So much for the olive branch
The odds of conflict with Iran continue to rise as it appear talks that could be the last chance to stop events from spinning out of control seem to be dead on arrival. Oil prices, which really looked beyond the symbolic Iranian cut of oil to the UK and France, seemed to start to focus a bit more on latest deal to save Greece and a surging stock market. Yet oil already up got another dollar spike when Bloomberg News reported that Iran’s foreign Minister basically said that talks about Iran’s nuclear program were off the table. Many had hoped that the resumption of talks between the International Atomic Energy Agency and Iran was a possible way out of this crisis. Those dreams were seemingly put to rest when a spokesman for the Iranian Foreign Ministry Ramin Mehmanparast, said that when it comes to Iran’s “right to peaceful nuclear energy there is nothing to negotiate.” So much for the olive branch, it seems the tree just fell down.

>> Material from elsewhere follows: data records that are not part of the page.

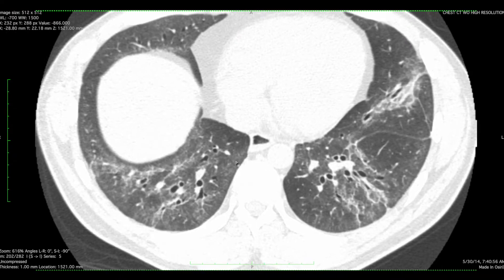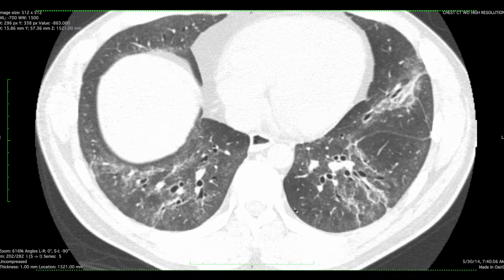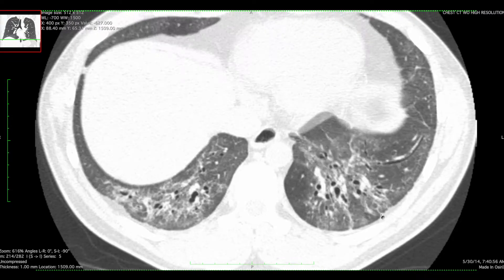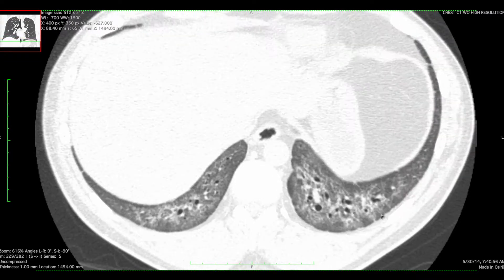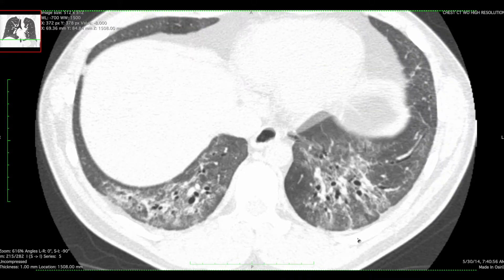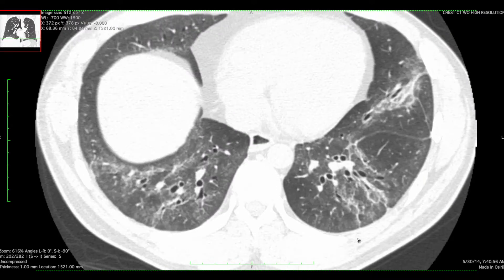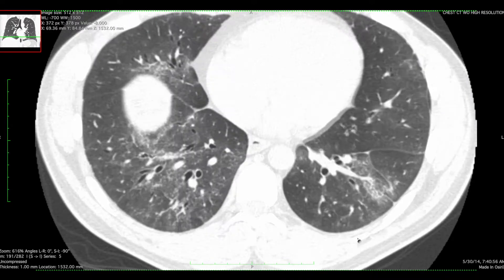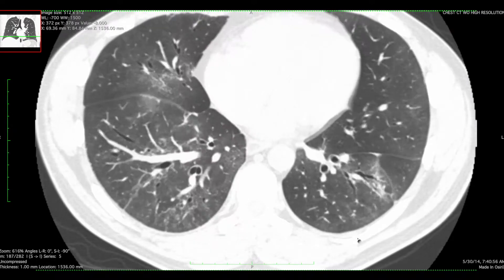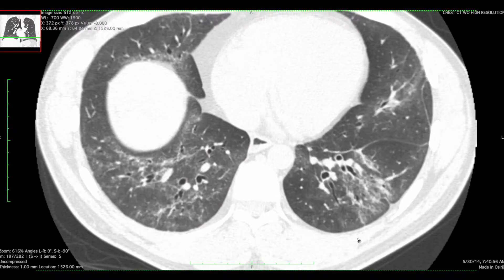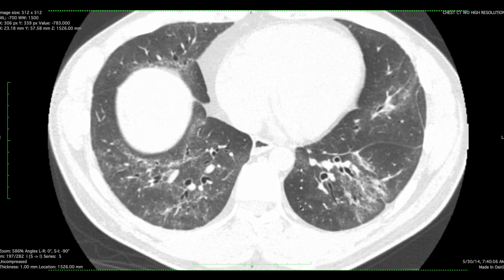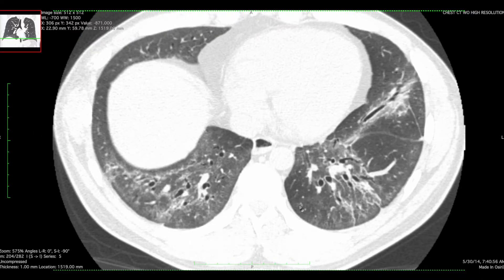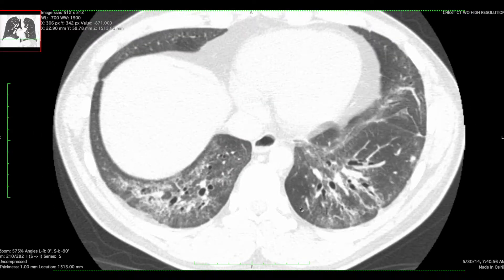If we magnify here, the most subpleural portion of the lungs demonstrates relative sparing. I think that's actually pretty convincing, this degree of subpleural sparing. In a lot of cases, this subpleural sparing is much more subtle, and I'll show you an example of that in just one second.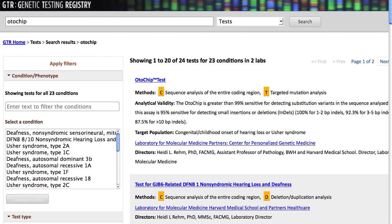Now we have a list of tests with the exact match on top. The other tests refer to Odochip somewhere in their descriptions. I'll click on the link, Odochip Test, and we're done.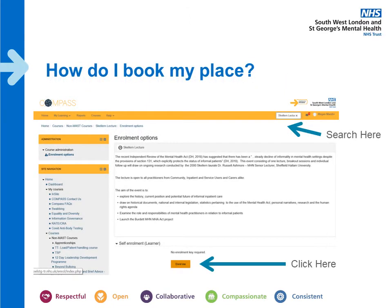How do you book your place? Don't worry, it's really very straightforward. If you log on to Compass, sign yourself in, and then in the top right hand corner you'll see the search bar. Type in 'Skellen Lecture' and you will come up with the enrolment options. All you need to do is click 'Enrol Me' and that will book you a place onto this lecture on the 30th of March from 1pm till 4pm.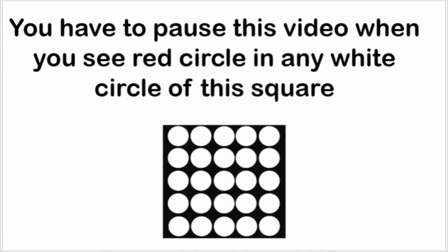So guys, the task is you have to pause this video when you see a red circle in any white circle of this square. So guys, the task starts in five, four, three, two, one.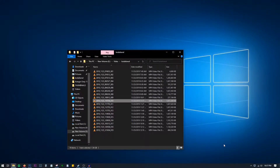Hello everyone, welcome back to another video. Hope you all had a very nice Christmas and I wish you a very happy new year as well. In this video let's check how to trim a video section or cut out a video section using VLC media player.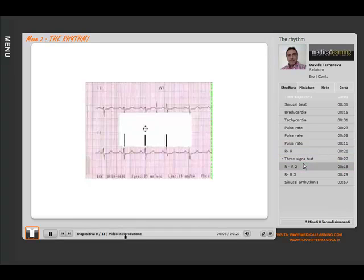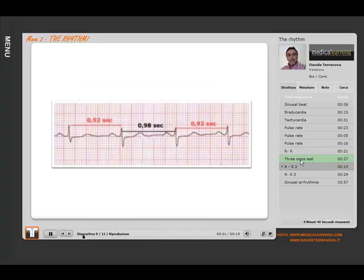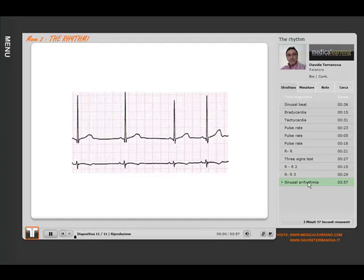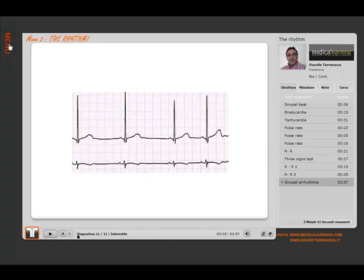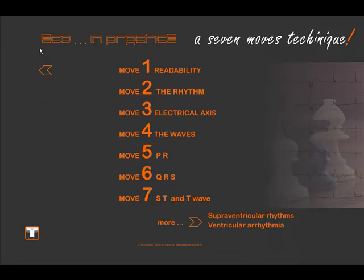But sometimes the RR space isn't exactly very consistent. Let's see if there are doubts on the cardiac beat. It is advisable to use the track method.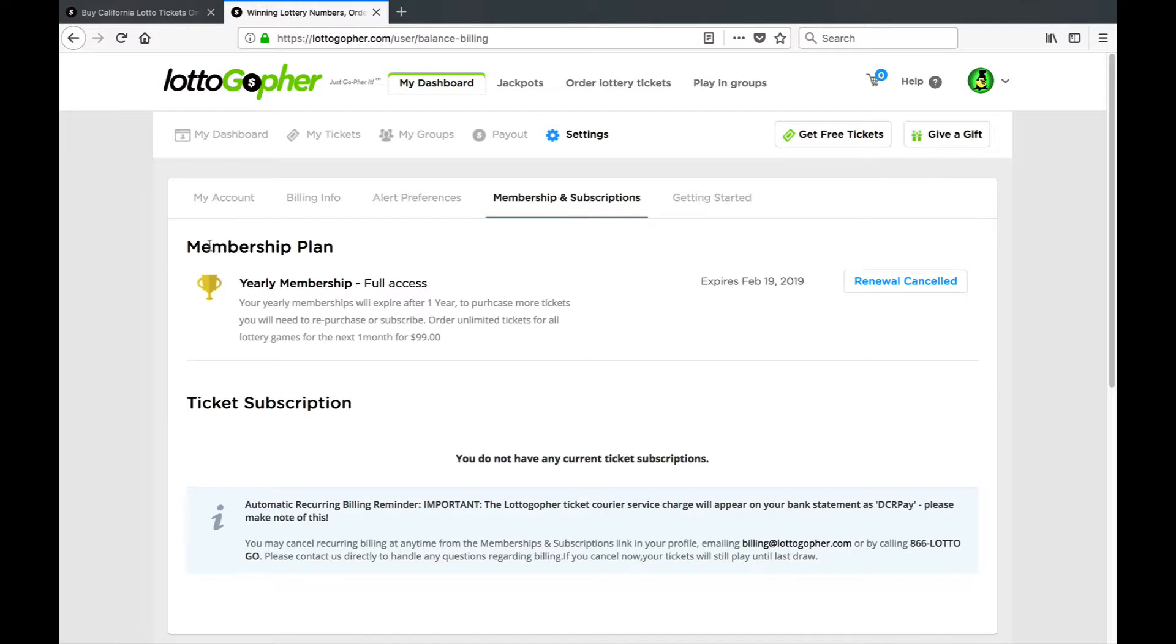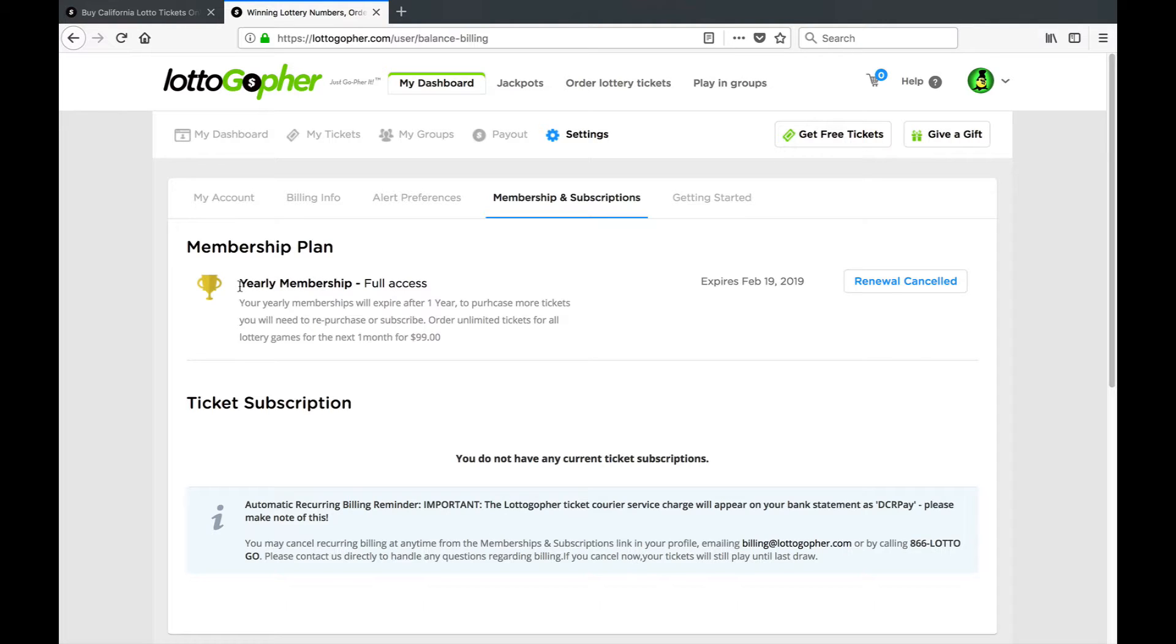Here you'll see the membership plan information under your yearly membership, monthly, freemium, or a day pass.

And if there was a scramble for supply before these comments, there was a spike after. This comes as Iran threatens preemptive strikes against its enemies. Mohammad Hejaz, deputy head of the General Staff of Iranian Armed Forces, warned that, “Iran could make use of all our means to protect our national interests and hit a retaliatory blow at them whenever we feel that enemies want to endanger our national interests.”
The pressure on Iran is rising as Bloomberg News reports that, "China, the biggest buyer of Iranian crude, cut purchases to the lowest level in five months in January even as its total oil imports rose after trading companies in the two nations failed to renew supply contracts. Imports from Iran fell to 2.08 million metric tons, or about 493,000 barrels a day, according to Bloomberg calculations from data released today by the Beijing-based General Administration of Customs. That’s the lowest rate since August and 14 percent less than the average 575,000 barrels bought daily in December. China’s total crude imports rose 6.8 percent from a month earlier to 5.5 million barrels a day."
Also as Bloomberg reports refiners in Japan are holding off from signing oil-supply contracts from Iran, people with knowledge of the talks said, while China International United Petroleum & Chemical Co. agreed to most terms of a 2012 deal with the Islamic republic, according to three other people. At least three Japanese refiners that buy crude from the Persian Gulf nation haven’t renewed annual contracts with National Iranian Oil Co., pending direction from the government, according to the people, who declined to be identified because the information is confidential. The contracts are for more than 100,000 barrels a day of crude, about a third of Japan’s imports from Iran, according to data supplied by the people.
In other words, China and Japan are putting the screws to Iran to buy oil at a discount, and why not? If they do not buy it, who will?